Neden mi, bizden de “Üç Schindler” bulmuştuk, 15 Mayıs 2001 tarihli Hürriyet’te, manşet üstünde parlıyorlar. Selahattin Ülkümen, Namık Yolga ve Necdet Kent adlarındadırlar, hepsi diplomat, Yahudilerimizi ölüme gitmekten kurtarmışlar. Birdenbire keşfettik, çok sevindik; ancak ben inanmadım, yalan olduğunu yazdım. Bunu hep yapıyorum. Yalanları hemen ve hep gören gözlerim var.
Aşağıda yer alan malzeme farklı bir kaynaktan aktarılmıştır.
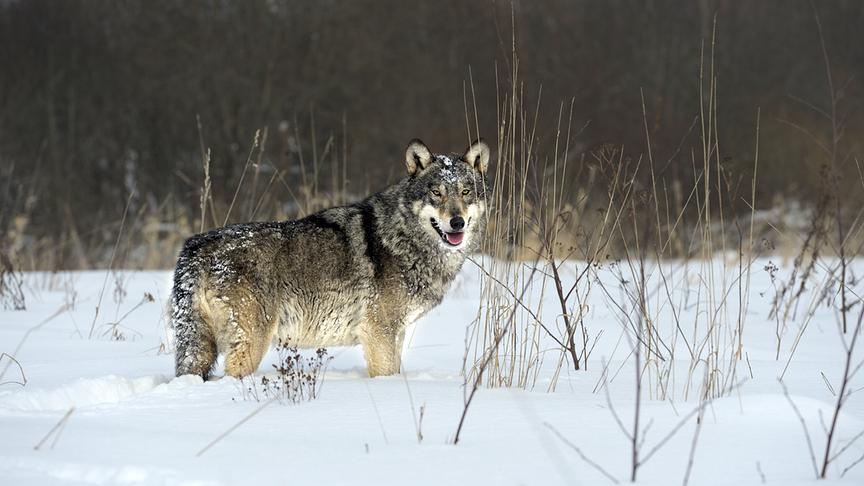 Wolf in tiefem Schnee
Tutmayan yalan: Yerli Schindler
Öyle mi, şimdi yeni bir kitap çıktı, yazarının Yahudi olduğunu anlıyoruz. Kitabı “İletişim” basmış, Israel ve Yahudiler lehine kitaplarda uzmanlaşmış bir yayınevi, ben hep okuyorum. 2012 tarihli C. Guttstadt’ın “Türkiye, Yahudiler ve Holokost” adlı bu çalışması, Necdet Kent’i yalanlamaktadır. Şunları yazıyor: “Türk Yahudi 500. Yıl Vakfı’nın ve diğer kurumların” Necdet Kent’e “Uluslararası Dürüst-Adil Kişi” madalyası verilmesi için gösterdikleri bütün çabalar başarısızlıkla sonuçlanmıştır. Yok, hiçbir belge bulunamıyor, bir tek tanık çıkmıyor ve Türk arşivlerinde hiçbir ize rastlanmıyor. Hepsi budur, Hitler’in fırınlarından Yahudi kurtaran kahramanlarımız olduğu iddiaları yalandırlar ve yalanlandılar. Daha önce yalan olduğunu yazmıştım, hep doğrulanıyorum.
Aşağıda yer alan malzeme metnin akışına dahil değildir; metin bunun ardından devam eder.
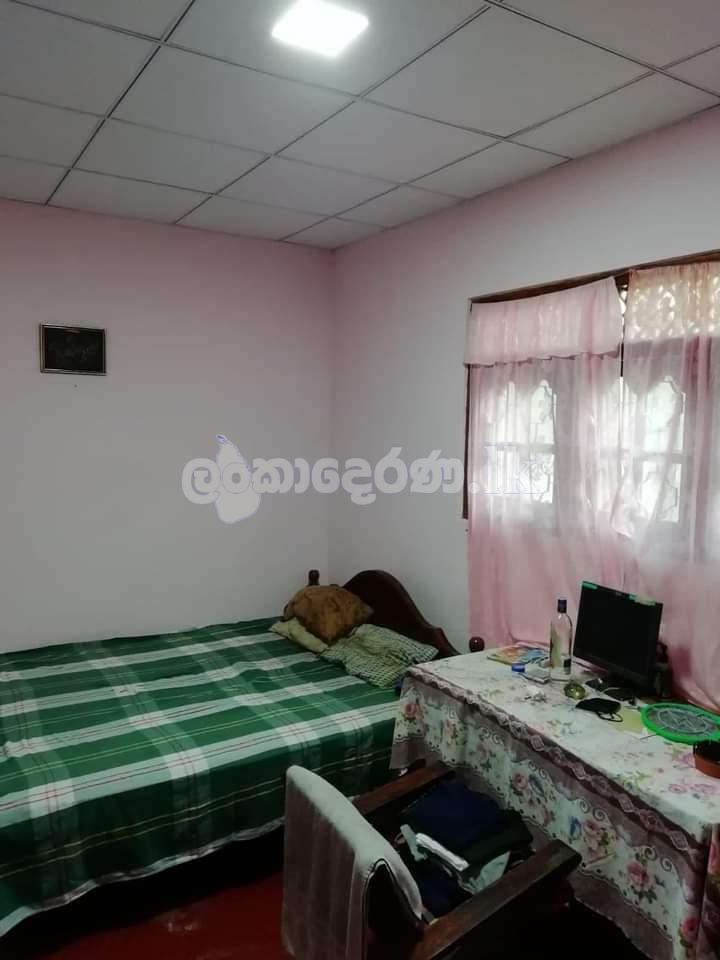 House for sale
Güzel, iki nokta kaldı; “Kent” soyadı “Medine” karşılığıdır ve Yahudiler taşıyorlar. İki, Muhtar Kent, Necdet Kent’in oğlu olup, demek ki İbrani asıllıdır; Coca Cola’nın başında olmasını normal karşılıyoruz. Belki üç, “Amerikalılar adımı söyleyemiyorlar” diyor ki, söylerken “mutar” derler, Fransızca hardal demektir. Amerikan okumuşlarının bu kadar Fransızca bildiklerini biliyoruz. Pek hoş, millet oluyoruz.
Yüzleşmek ve yüzsüzleşmek
Ne mi yaptık, az zamanda bir Cumhuriyet kurduk, kurmak feodalite kalıntıları ile savaşmaktır, Dersim’de yapılan budur. Savaş mı, ölümdür, acıdır, acımasızdır ve unutmak için “Tunceli” olduk. Şimdi yüzleşmek adına yüzsüzleştiriyorlar ve Israel ile aşk yalanları uyduruyorlar, plebisitlerle, referandum da diyebiliriz, ayırıyorlar. Ve Israel’e karşı tek Arap, Esad’ın Suriyesi’ne, Israel’e karşı Maliki’nin Irakı’na ve Israel’in atom hegemonyasına karşı çıkan İran’a düşmanlık saçıyoruz. Peki, Musul’da Barzani mi, Yahudi asıllı olup Israel ile “complementary nation” haldedir, tamamlamaktadır. Ve yüksek komutanlar da yerlerindedirler. Şimdi hal-i milletimiz işte budur.